Scotland’s chemical sciences sector is well-placed to survive a “shakedown” of the industry in Europe thanks to new investment at Grangemouth’s Ineos refinery, it has been claimed.
Chemical Sciences Scotland chairman Sandy Dobbie said the £300 million pumped into a new gas import plant left the nation in good stead at a time of market change.
He said the “Cinderella” industry plans to grow exports by 50%.
The refinery was the scene of a dispute last year after owners said changes to worker terms and conditions were required if the plant was to avoid closure.
Ineos later confirmed the major investment after unions backtracked on their opposition to the changes.

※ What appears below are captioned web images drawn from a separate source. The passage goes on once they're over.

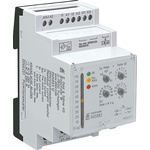 Dold Residual Current Monitoring Relay, 2 Phase, DPDT, DIN Rail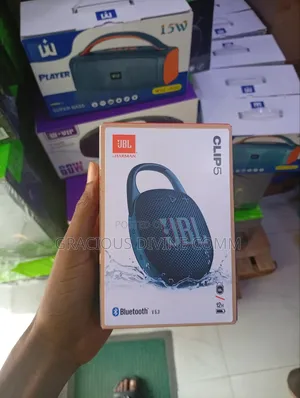 Jbl Clip 5 Portable Bluetooth Speaker Waterproof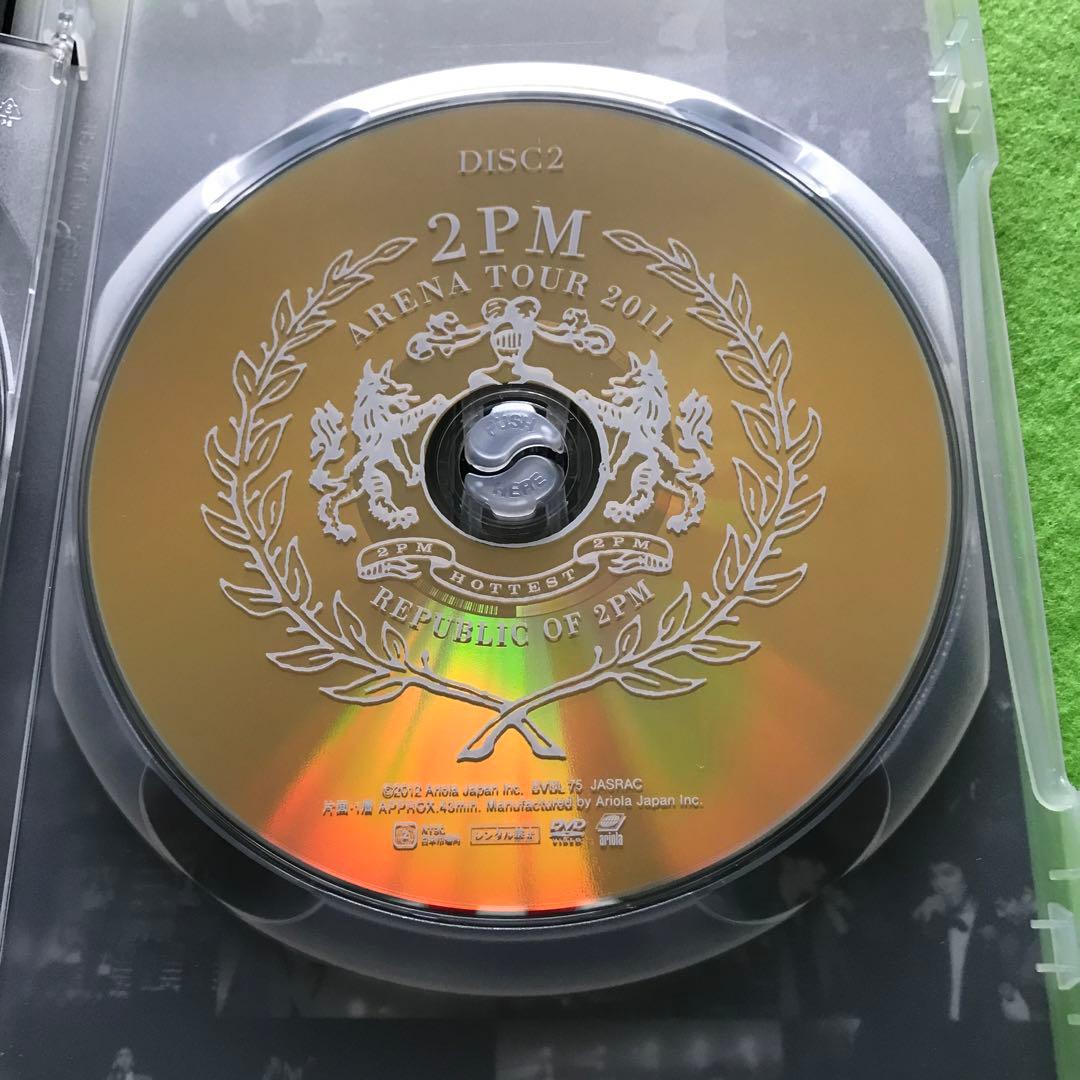 予約済み2222■TOUR 2011\\"REPUBLIC OF 2PM\\"〈…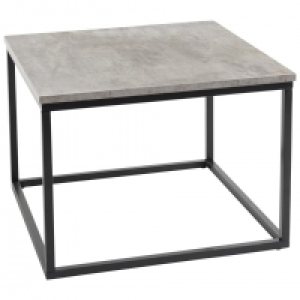 Beistelltisch DOKKEDAL (60x60, beton-schwarz) 35.00 €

“The emergence of the Middle East as a major petrochemicals source and the recent US shale gas revolution, which has reinvigorated that country’s manufacturing sector, will accelerate the closure of many of Europe’s refineries that are based on naphtha as they will no longer be competitive against low cost gas-based producers in the Middle East and US,” Dr Dobbie said.
“Fortunately, the Ineos refinery at Grangemouth is one of the few facilities in Europe able to process gas as well as oil feedstock.
“Ineos’s £300m investment to ship low cost gas from the US into Scotland will give us the opportunity to become one of the survivors of the coming European shake-out.”